THE PROBLEM:
In the records below, find the line with "Чехол для Xiaomi" and repeat exactly every line from it through the line with "Goya Coconut Water". Pictures stay out.

DATA SHOWN:
_ _ _ _
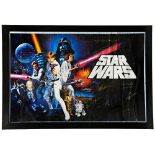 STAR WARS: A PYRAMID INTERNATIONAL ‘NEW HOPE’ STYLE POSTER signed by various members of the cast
_ _ _ _
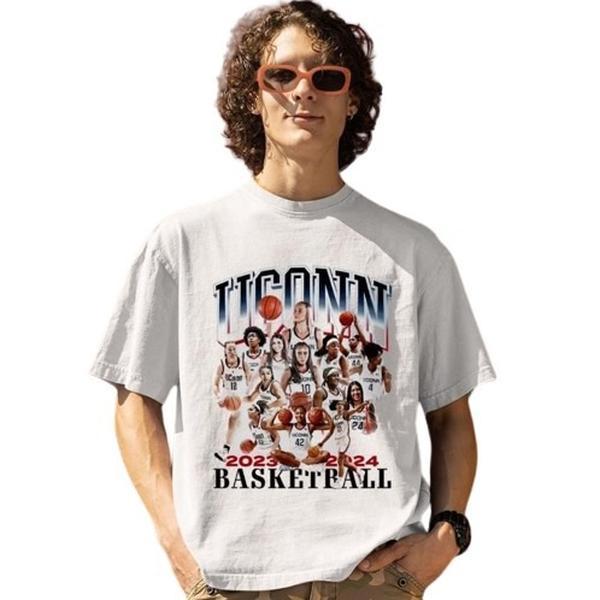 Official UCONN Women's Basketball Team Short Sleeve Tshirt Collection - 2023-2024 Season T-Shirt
_ _ _ _
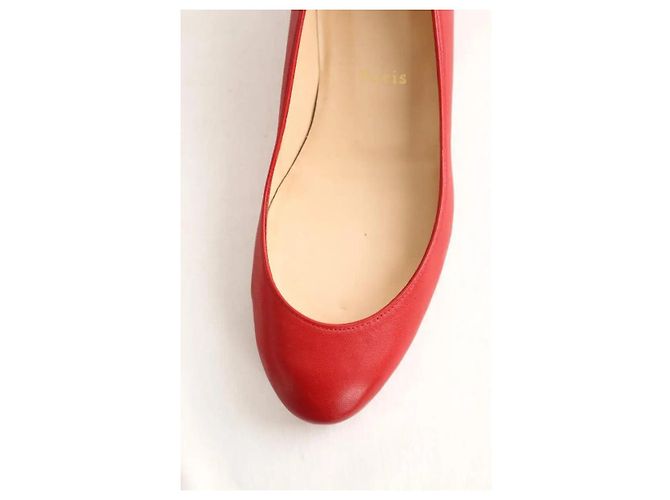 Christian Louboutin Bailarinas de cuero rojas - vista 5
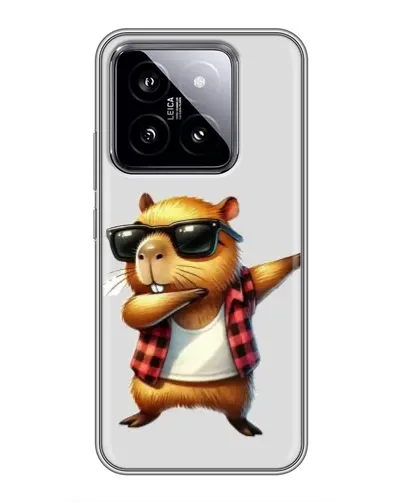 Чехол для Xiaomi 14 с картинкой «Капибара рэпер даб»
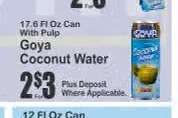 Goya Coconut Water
_ _ _ _
RESPONSE TO THE TASK:
 Чехол для Xiaomi 14 с картинкой «Капибара рэпер даб»
 Goya Coconut Water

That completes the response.